Monday, January 16, 2012

do you prefer your brain fried or scrambled?

If I were to serve up my brain like an egg on a platter you could order it either way: fried or scrambled. This is what happens to it whenever I attend a writing conference that involves writing to a prompt--especially a timed prompt. So, for lack of time and energy and inspiration, this week I am posting a piece that I wrote over the weekend at the Poetry and Prose Getaway, hosted by Peter Murphy ( with guest poet, Stephen Dunn (

If you want to play along, this is the prompt:

Write a piece that provides concrete advice for the completion of an intangible goal. Include three movie titles in the narrative but do not offer them as movie titles (you'll see what I mean...). Recommend at least one thing you find personally abhorrent. And include a recipe among your instructions.

This is the piece:


If you are lost and lonely, cold and hungry, it may be time to seek shelter.

If you have been cast aside, or neglected, or abused it may be time to think about moving on.

Fortunately negotiating terms of endearment is not a difficult thing to do.

You must, first of all, resolve to be patient. To be persistent. But, above all, you must promise to be faithful, steadfast, and true.

Try not to jump at the first thing that comes along. Take as long as you like to survey your surroundings. Women who are home alone are the easiest targets while it’s probably best to avoid grumpy old men.

When you have made your decision, you must approach quietly, with utmost humility and due deference. Locate the welcome mat. Sit. Stay. Announce your arrival with a soft, sweet whimper. If necessary, you may whine but never bark. And never, ever howl. These behaviors can be off-putting to some timid souls.

When the door opens, even a crack, immediately drop to the floor. Insert your snout firmly between your front paws and gaze upward apologetically. With unadulterated affection. With such sweet sorrow.
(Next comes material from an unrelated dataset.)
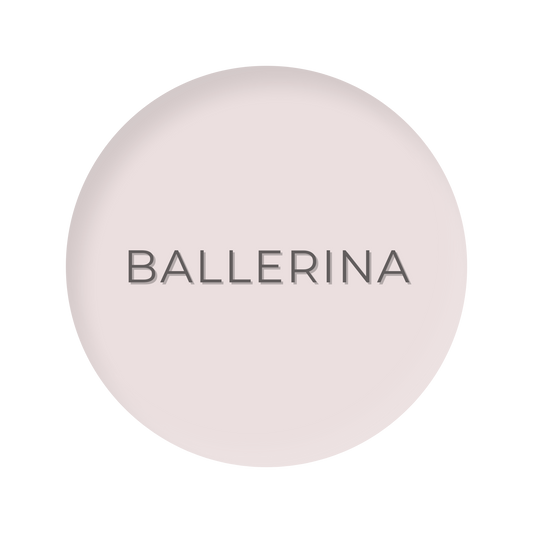 Builder Gel BALLERINA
You are already situated on the welcome mat. Give it three good whacks with your tail as though you know exactly what the word “welcome” means and you are going to hold them to it.

Do not be offended if, at first, you are not offered food. A sip of water can’t hurt but don’t be surprised or discouraged if you are offered neither. Some people just don’t get it.

If you are shooed off, if the door slams shut in your face, do not despair. Drop immediately to the floor again and secure your position. Now may be a good time to yawn and stretch. You can pretend to take a nap. Do whatever it takes to buy some time because before long someone is going to check to see that you’re gone. And if you haven’t moved, they’ll worry that you’re sick or injured. Now is your chance!

Hold very still. Allow them to approach you. Don’t forget the gaze—the “I-promise-to-love-you-forever-if-you'll-just-let-me-in” gaze.  

Chances are they’ll touch you on the nose first. Some people are under the impression that a cold, wet nose is a good sign. They may want to check your paws. Even though you hate it try not to pull away. And if they attempt to feel under your belly, simply roll over. Close your eyes and smile. It may earn you a belly rub.
When they are sufficiently reassured that you are neither begging for food nor ill nor injured you may jump up, prance about, and wag your tail fetchingly. If you can pull it off, when you are invited inside, tinkle lightly on the door mat. It keeps the competition at bay.

If food and water are offered, you may now indulge freely. There will be plenty of time later on to convince them that you prefer ground sirloin mixed with basmati rice and a smidgen of ketchup.
Because by now they should know that they are endeared to you forever.
"Never underestimate the healing power
of warm dog breath."
At the conference, I managed to work up the nerve to read one of my flash fiction pieces at an open mic. I may share that with you next week.



  1. Good for you to stand up and read. It's nerve wracking isn't it?

  2. That was so cute and clever. I'm sure my mind would have blanked with those instructions.

  3. Delores--...right up there with sky-diving.

    Susan--Actually it was fun! Pretty light and shallow, though, compared with some of the deep, dark minds in my group!